Et sur ces mots austères, Connor décida que cette discussion prenait fin alors qu'il lançait un dernier regard pesant sur la Serdaigle et tournait les talons en direction du château, les mains dans les poches, le regard froid, et le dos droit.
Et une patte de lézard ajoutée. La potion de Severus était réussie, la couleur qu'elle prenait le confirmait. Il n'avait cependant pas eu besoin de cela pour le savoir. Les potions, c'était quelque chose que Severus sentait. Dès qu'il faisait une erreur, il recommençait aussitôt sans attendre que le mélange témoigne d'une erreur, et il n'avait pas besoin d'en voir la finalité pour savoir une potion réussie. Severus était fort en potions, et il s'en serait vanté si ça n'avait pas été la qualité scolaire principale de Black également.

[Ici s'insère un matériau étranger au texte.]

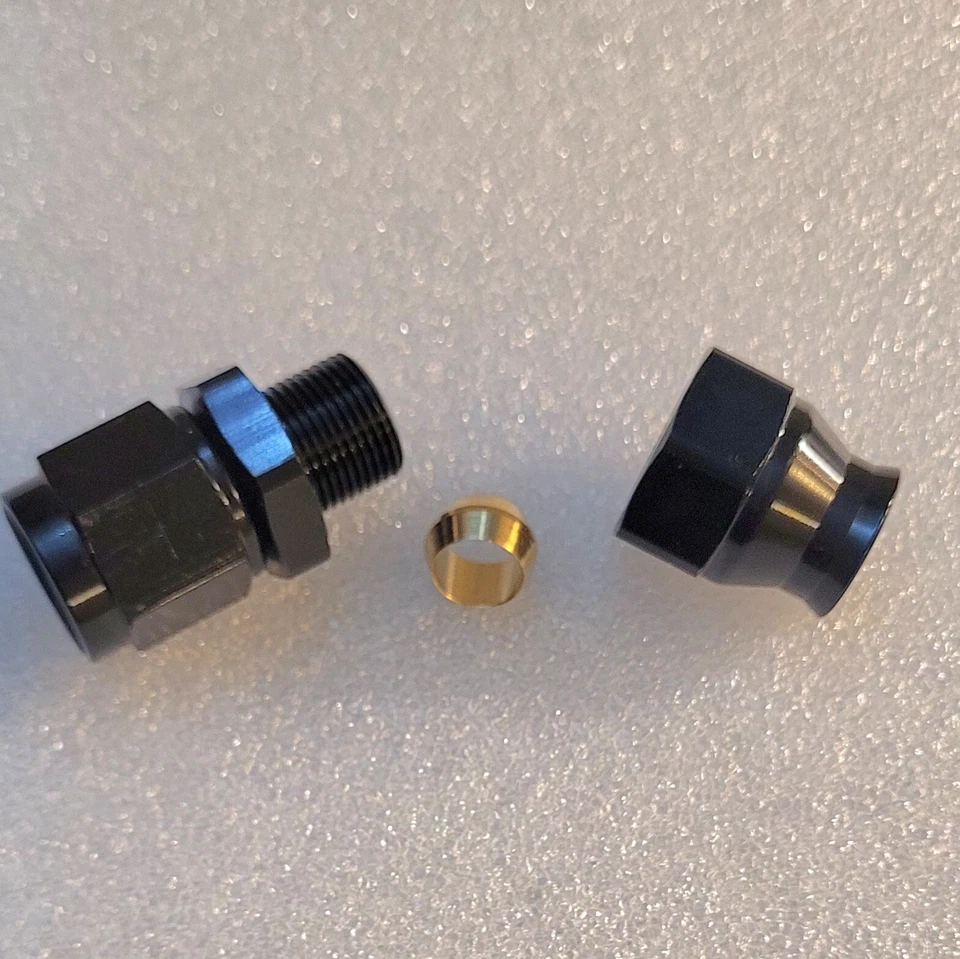 AN-6 BLACK Straight FEMALE SWIVEL to 5/16 8mm HARDLINE TUBE Compression Fitting - Image 4 of 4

Seulement, les potions n'avaient pas grand intérêt pour Severus, là devait se trouver la principale différence entre les deux sorciers, car là où Severus n'accordait que peu d'importance, Sirius Black en avait fait un hobby. Alors que le professeur Slughorn s'approchait de sa potion pour le féliciter de l'avancée de celle-ci, Severus se perdit dans ses pensées. Le temps d'un instant, il regretta d'avoir de telles facilités en potions tandis que la métamorphose pénalisait son dossier. Bien sûr, les potions étaient très importantes pour intégrer l'Académie des Aurors, mais elles l'étaient moins que la métamorphose, et c'était pour cela que Severus voyait ses rêves filer au vent. Loin de lui.
Tout en mélangeant de la poudre de bison, le regard de Severus se porta un instant sur Connor, à quelques tables de lui, qui était relativement concentré. Connor se fichait de réussir dans des matières scolaires. Il n'envisageait pas d'études après Poudlard. Pour lui, la sortie de l'école signifiait de consacrer tout son temps et sa magie à aider le mage noir. Pourtant, il se donnait en cours parce qu'il aimait réussir ce qu'il entreprenait. Connor Nott prenait les choses à cœur, même s'il ne le montrait pas. Il consacrait toutes ses forces à son objectif noir, ne faisait jamais un devoir maison à moitié, prenait soin du peu de personnes acceptées auprès de lui, et Severus savait que Connor aurait su aimer comme il fallait s'il s'était offert cette possibilité. Possibilité impossible.
Le regard de Severus se porta ensuite sur Willah, qui discutait d'une façon neutre avec Black tout en découpant des herbes. Les deux sorciers étaient très bons dans la matière, tout comme Severus. Tout comme lui, ils avaient un regard très observateur des modifications des substances et des effets des mélanges et d'ajouts d'ingrédients. Ils étaient très patients et savaient analyser l'évolution d'une potion au cours de sa fabrication. Ils avaient également de nombreuses connaissances sur les ingrédients utilisés et les effets de ceux-ci. Tous les éléments qui font un bon potionniste. Si Severus avait dû respecter Sirius Black pour une chose, ça aurait été cela. Ses capacités en potions étaient la seule chose qui montrait à Severus que le Gryffondor n'était pas un abruti fini.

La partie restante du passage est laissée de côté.